Les nombreux esprits qui préfèrent l'enseignement des frères à tout autre. sont à l'état de prévention, sinon d'hostilité, à l'égard du projet de loi. Napoléon comprit les frères, comme une pierre de son édifice, dans le décret qui fonda l'Université. Le gouvernement du roi s'honore de les avoir soutenus dans des jours difficiles, de les avoir associés, d'une main impartiale et bienveillante, à tous les encouragements. Mais ces frères si humbles, si dévoués, vêtus de bure., ces frères, qui se servent de famille à eux-mêmes, qui ne vont que trois par trois, se chauffant au même foyer, vivant à la même table, mettant en commun leurs aliments grossiers et leurs jeûnes pieux, exigent pour chacun d'eux les 600 francs qu'on s'étonne de nous voir demander, ou, pour mieux dire, simplement prévoir, en faveur du chef de famille qui remplit le même office, là où précisément trois frères, à cause de la modicité des ressources locales, ne pourraient être entretenus.

Nous ne saurions trop le redire : c'est avec un regret amer que nous ajournons à des circonstances plus favorables l'application des bases nouvelles que nous vous demanderons de poser dans la loi. Mais plus nous sommes affligés de ce retard, plus nous avons attaché d'importance à ne pas ajourner la loi même. Nous ne voulons pas qu'à l'époque prochaine, il faut l'espérer, où le budget de l'Etat sera en situation d'acquitter cette dette publique, on se retrouve en présence de la difficulté d'une loi à faire, d'un système à constituer, de sorte que la question se trouvât éternellement captive dans un cercle vicieux, et qu'un jour l'argent fût refusé parce qu'il y aurait une loi à faire, qu'un autre jour la loi fût remise à des temps meilleurs, parce que le temps présent ne permettrait pas de voter l'argent.

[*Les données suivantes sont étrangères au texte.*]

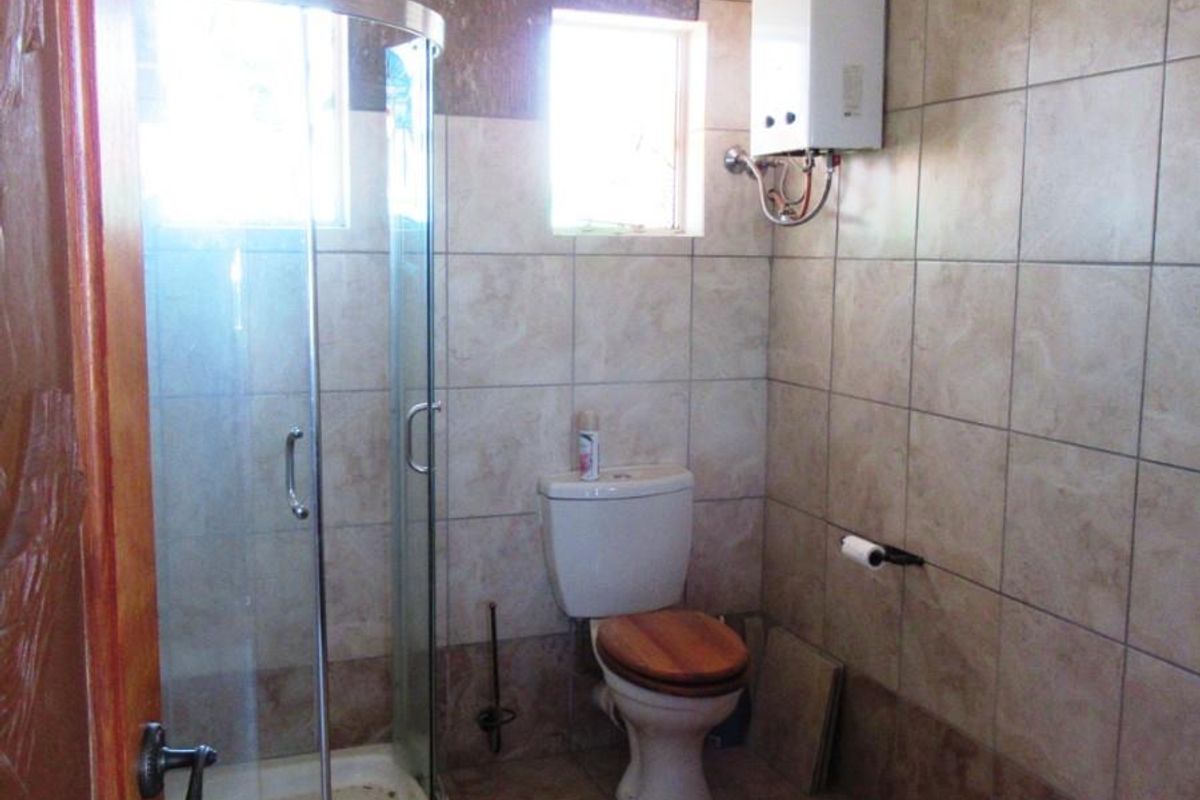 A functional bathroom featuring a corner glass shower enclosure, toilet, and wall-mounted gas water heater with full-height ceramic wall tiling.
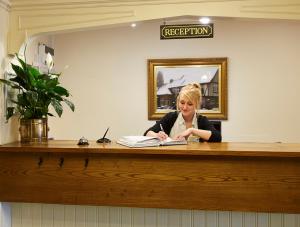 a woman sitting at a reception desk with a book at Roebuck by Greene King Inns in Forest Row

Le complément nécessaire des mesures que nous avons eu l'honneur de vous proposer pour donner à l'instruction primaire une plus forte constitution, c'est la création d'une caisse de retraite pour les instituteurs communaux. Déjà l'ancien gouvernement s'était préoccupé de cette nécessité, et une ordonnance royale du 14 février 1830 l'avait reconnue en principe. En 1833, il a été de nouveau question d'accorder aux instituteurs la récompense de leurs longues années de travail ; mais on se trouvait alors en présence d'un personnel considérable qui ne pouvait concourir efficacement à la formation d'une caisse de retraite, et qu'il aurait fallu exclure de toute participation au bénéfice de la nouvelle loi. On se borna à la création des caisses d'épargne et de prévoyance, mais l'insuffisance de cette création n'est que trop facile à démontrer.

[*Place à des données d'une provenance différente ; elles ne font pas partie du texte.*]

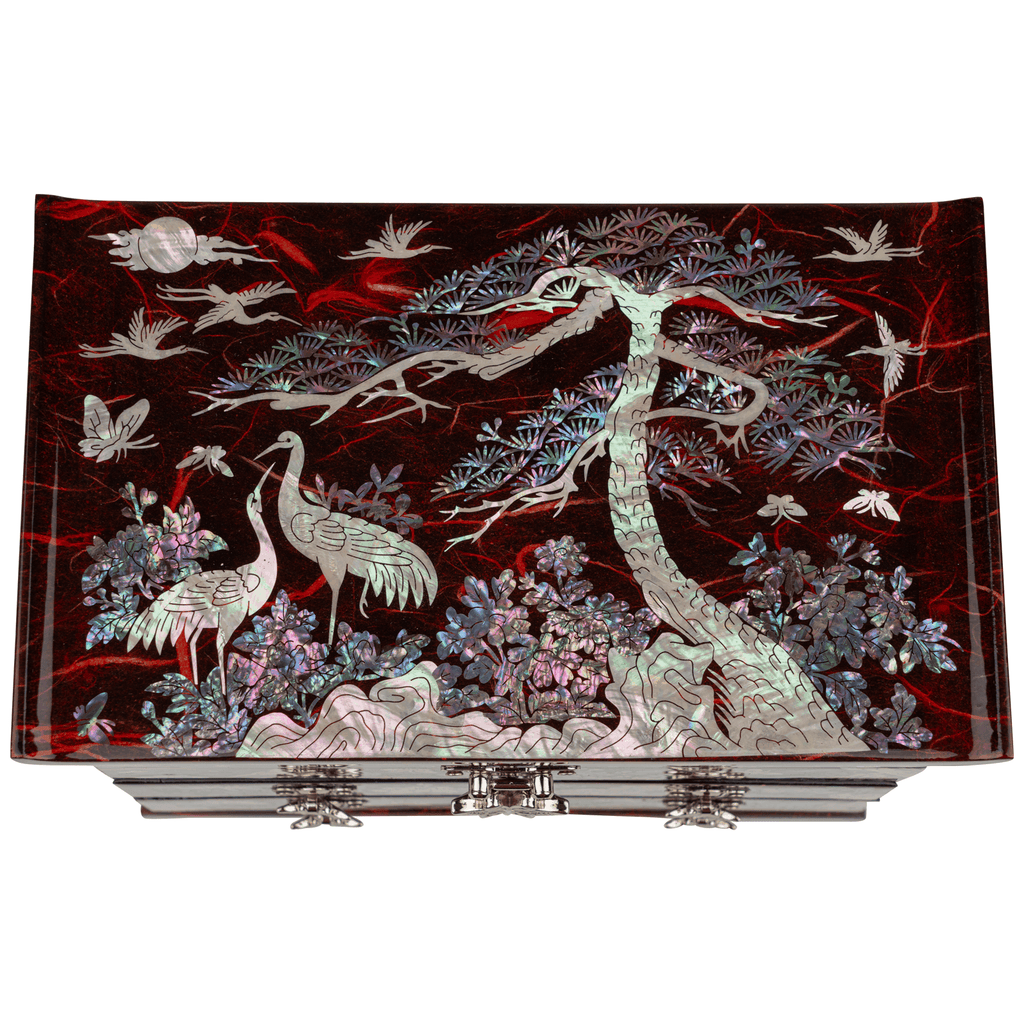 A red jewelry box with a crane and pine tree mother-of-pearl design.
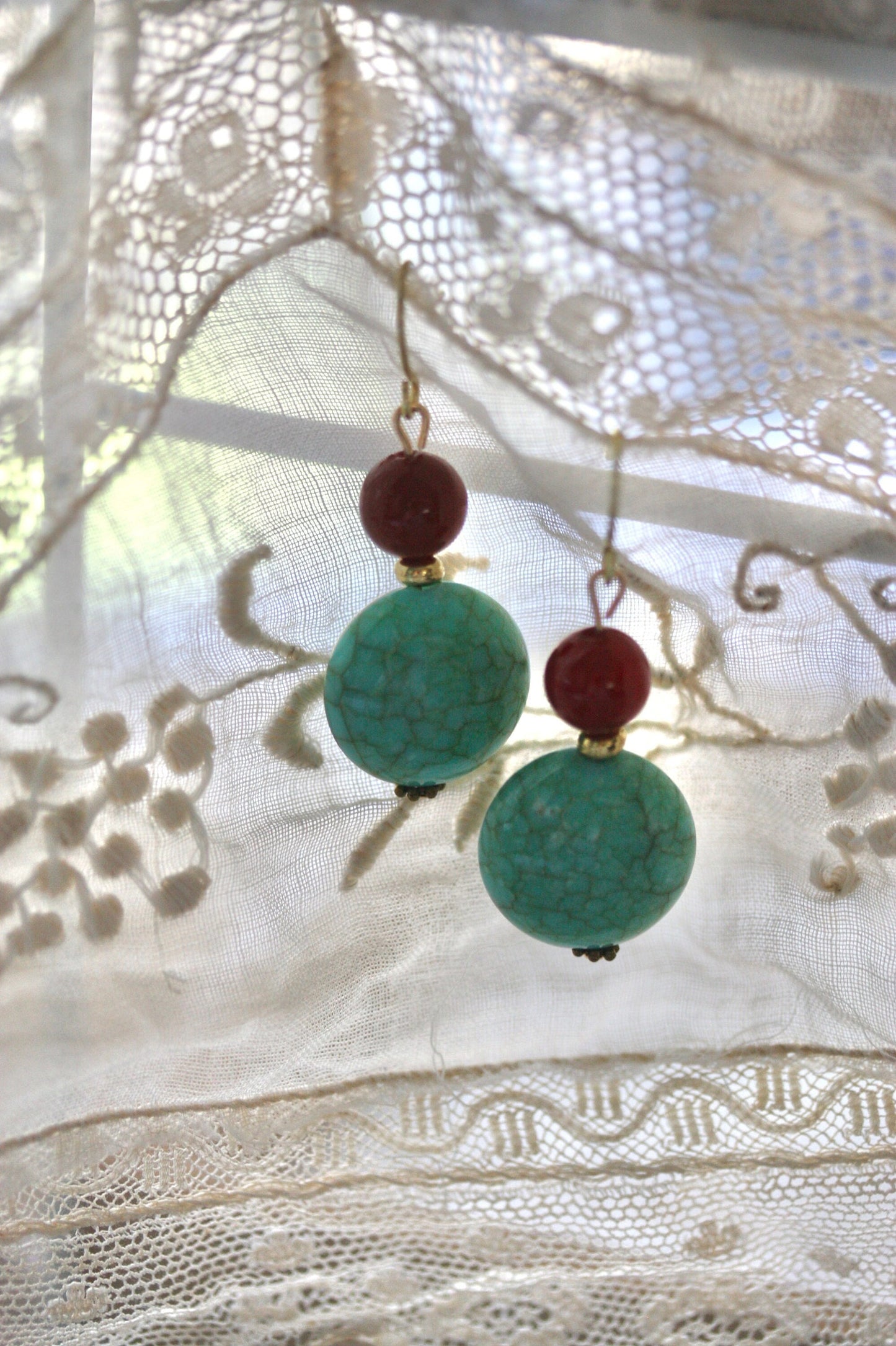 Dangle earrings made of faux turquoise and deep red glass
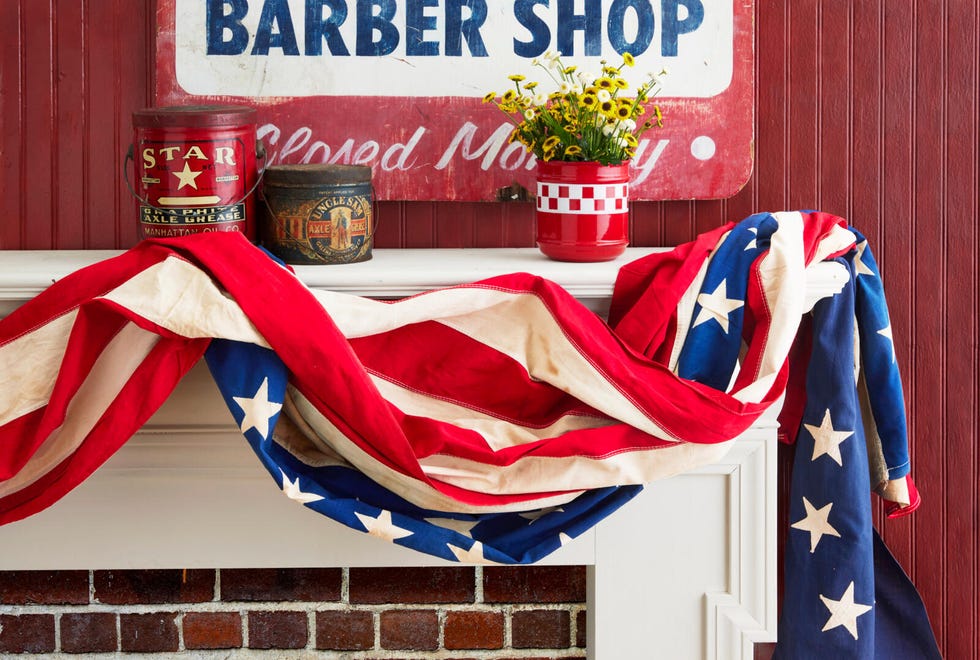 vintage flag bunting draped over a fireplace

Il n'est personne de vous, messieurs, qui n'ait été frappé de l'état de misère où se trouvent en ce moment plongés un grand nombre de vieux instituteurs. Après avoir dépensé en quelques mois la faible somme déposée par eux dans les caisses d'épargne, ils sont pour la plupart réduits littéralement à la mendicité, et je reçois journellement des demandes qu'ils forment à l'effet d'obtenir leur admission dans les hospices ou dans les dépôts. Malheureusement ces maisons ne s'ouvrent, la plupart du temps, qu'aux individus nés dans le département, et les pauvres instituteurs jetés par leur mauvaise fortune loin du lieu de leur naissance n'ont pas même la ressource d'aller mourir à l'hôpital. Cet état rie choses, messieurs, n'est pas digne de notre pays: il n'est pas digne de notre époque. La France, c'est un noble principe, doit à ceux qui la servent dignement une récompense proportionnée à leurs services. Cette récompense, nous la trouvons dans la fondation d'une caisse de retraite. Les instituteurs se présentent avec une première mise de 3 925 000 francs, produit des fonds déposés dans les caisses d'épargne et de prévoyance, capital considérable qui, placé en rentes sur l'Etat à 4 pour 100, donnera un revenu de 157 000 francs ; [capital] auquel s'adjoindra annuellement le produit capitalisé de ladite rente et des retenues annuelles faites sur les traitements des instituteurs jusqu'en 1865 (!), époque à laquelle la caisse commencera à payer des pensions. Je n'ai pas à vous exposer ici les calculs rigoureux qui ont été faits. ; qu'il me suffise de vous donner la certitude qu'en aucun cas l'Etat ne sera appelé à secourir la caisse des retraites des instituteurs, et que cette immense amélioration, que les instituteurs appellent de leurs voeux les plus ardents, s'effectuera par le seul fait d'une bonne et sage organisation, sans qu'il en coûte aucun sacrifice au pays.

PROJET DE LOI.

TITRE PREMIER. — Organisation des écoles primaires communales.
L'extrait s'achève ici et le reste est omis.